Organic farmers have expanded their store during lockdown in response to growing demand.

Maple Farm at Kelsale, near Saxmundham — which is owned by Miranda and William Kendall — runs a modest retail operation as a sideline to its 400-acre organic crop growing business, which employs the equivalent of around six full-timers.

As with many farm retail operations, sales have boomed during the pandemic and a new expanded space was created thanks to a European Union (EU) LEADER grant.

“It’s for people who prefer local organic food and want a relationship with a nearby farm,” explained William, who is a business entrepreneur and also a past high sheriff of Suffolk. “We’re really proud of it.”

He added: “Our farming operations are labour intensive and inefficient by conventional assessments but having the store makes it all work. In my ideal world there would be at least one in every village. A 21st century version of the village shop.”

It’s the third time the retail space — which started selling organic eggs from a converted rabbit hutch — has been expanded.

“Word got out that our very good eggs could be bought cheaper at the farm gate and one day the farm manager here found two people arguing over the last box in the rabbit hutch,” said William.

“He settled it by asking if there was anything else we produced which could satisfy one of the customers and a week later the rabbit hutch was expanded to a redundant cattle stall. This worked well even in the first lockdown but now, thanks to an EU Leader grant and a lot of hard work by local builders and the Maple Farm team we now have Farm Stall 3.0.

“It looks very smart in a converted post war tractor shed.”

The store mainly sells the farm’s own produce, and other organic produce when that runs short.

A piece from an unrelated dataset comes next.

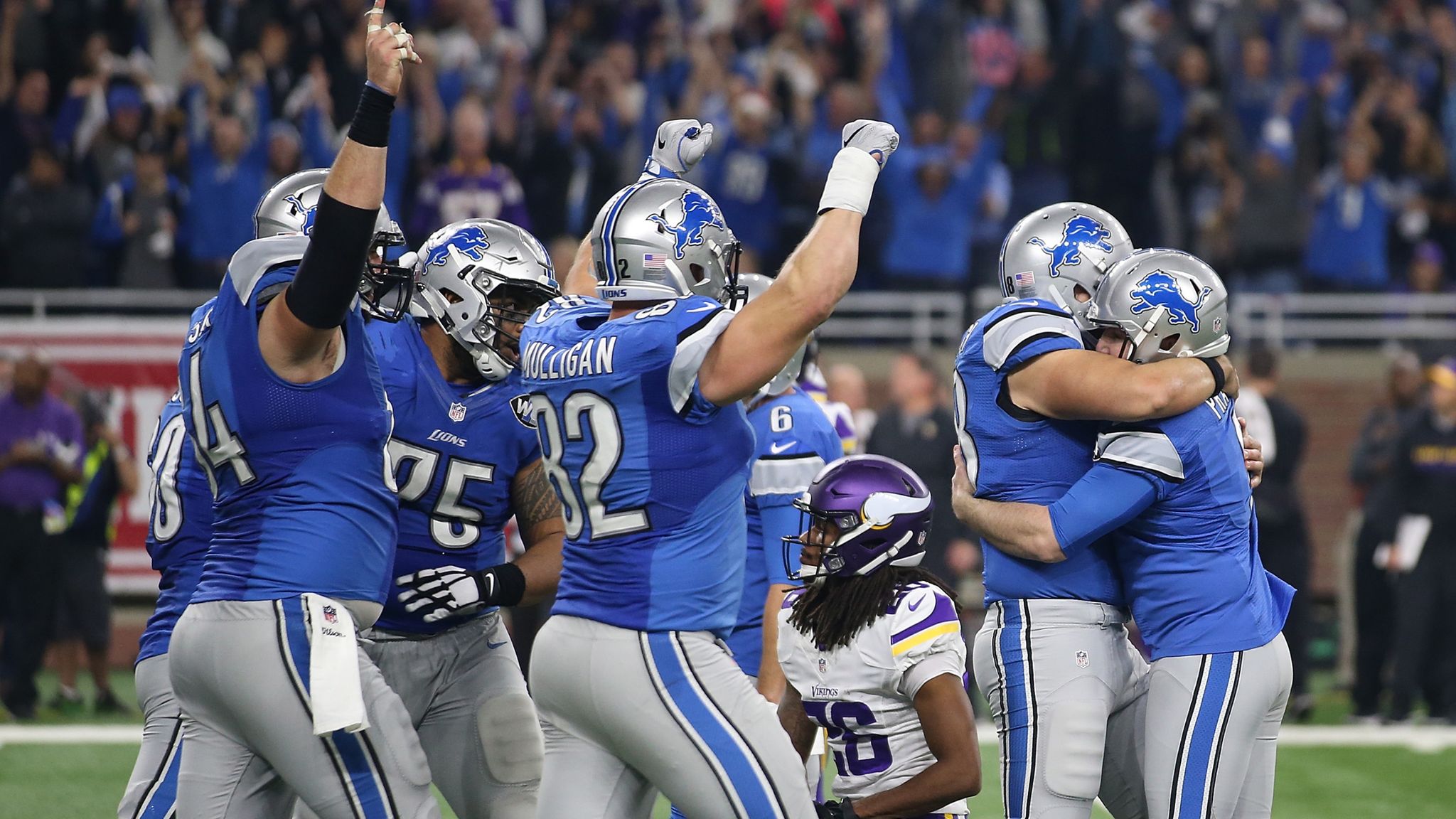 The Latest: Lions kicker Prater ties NFL record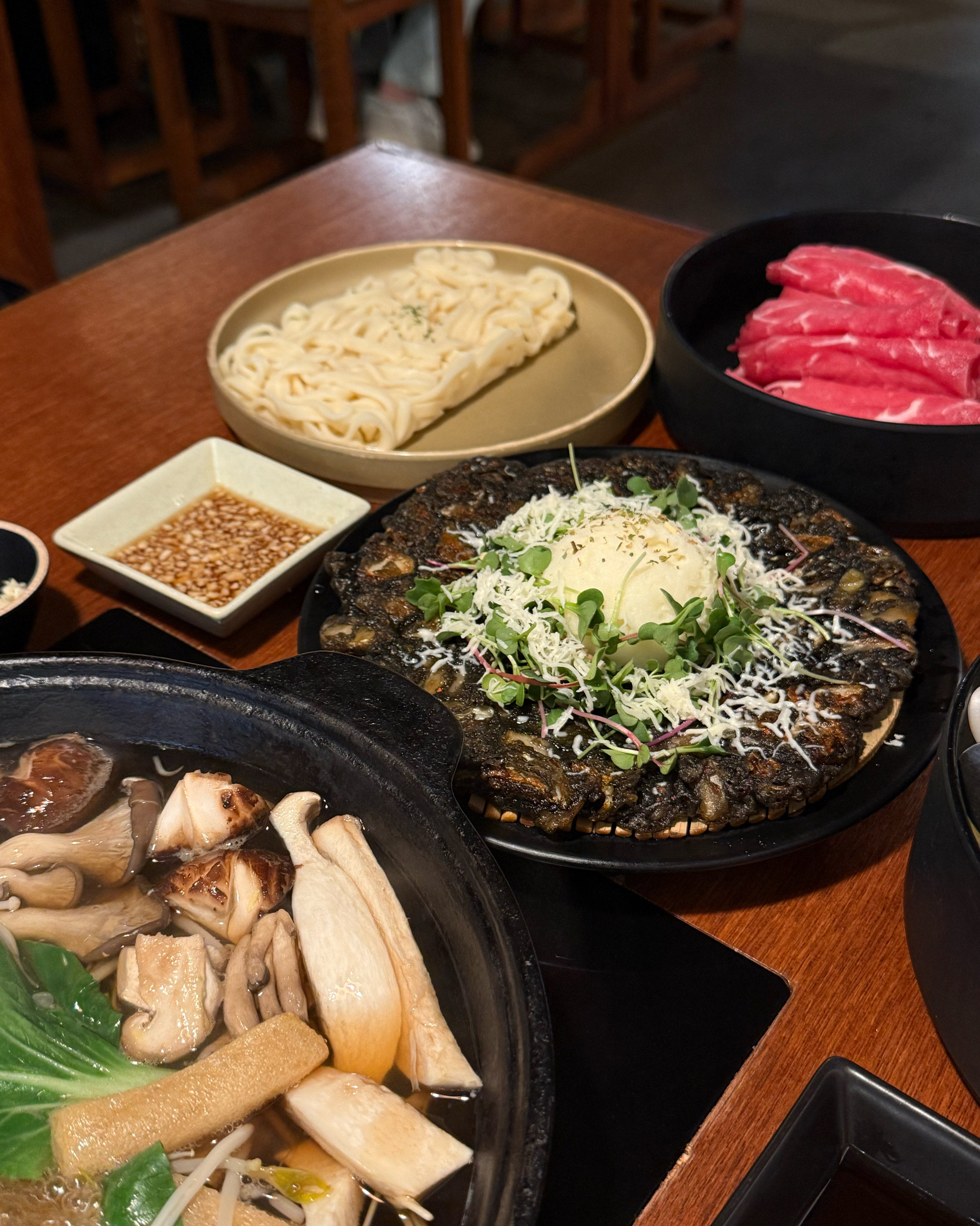저번에 스키야끼 먹고 너무 맛있어서 재방문했어요~ 이번엔 샤브샤브 먹었는데 국물부터 너무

“We sell a few other things from friends nearby who share the same vision for the future of agriculture. Fen Farm Dairy Bungay, Home Farm Nacton, Hodmedods, LA Brewery in Rendlesham, and some local meat butchered by Palfrey & Hall at Debenham,” he said.

It also sells bread baked with its own flour by The Woodbridge Cake Shop bakery.

William helped start LA Brewery in 2017 and was previously behind well-known food brands such as Green and Black’s organic chocolate and Covent Garden Soup before selling up. He’s a director of online grocer Farmdrop and a trustee of the Grosvenor Estate, which is owned by the Grosvenor family and has an arm called Wheatsheaf which invests in the future of food and farming.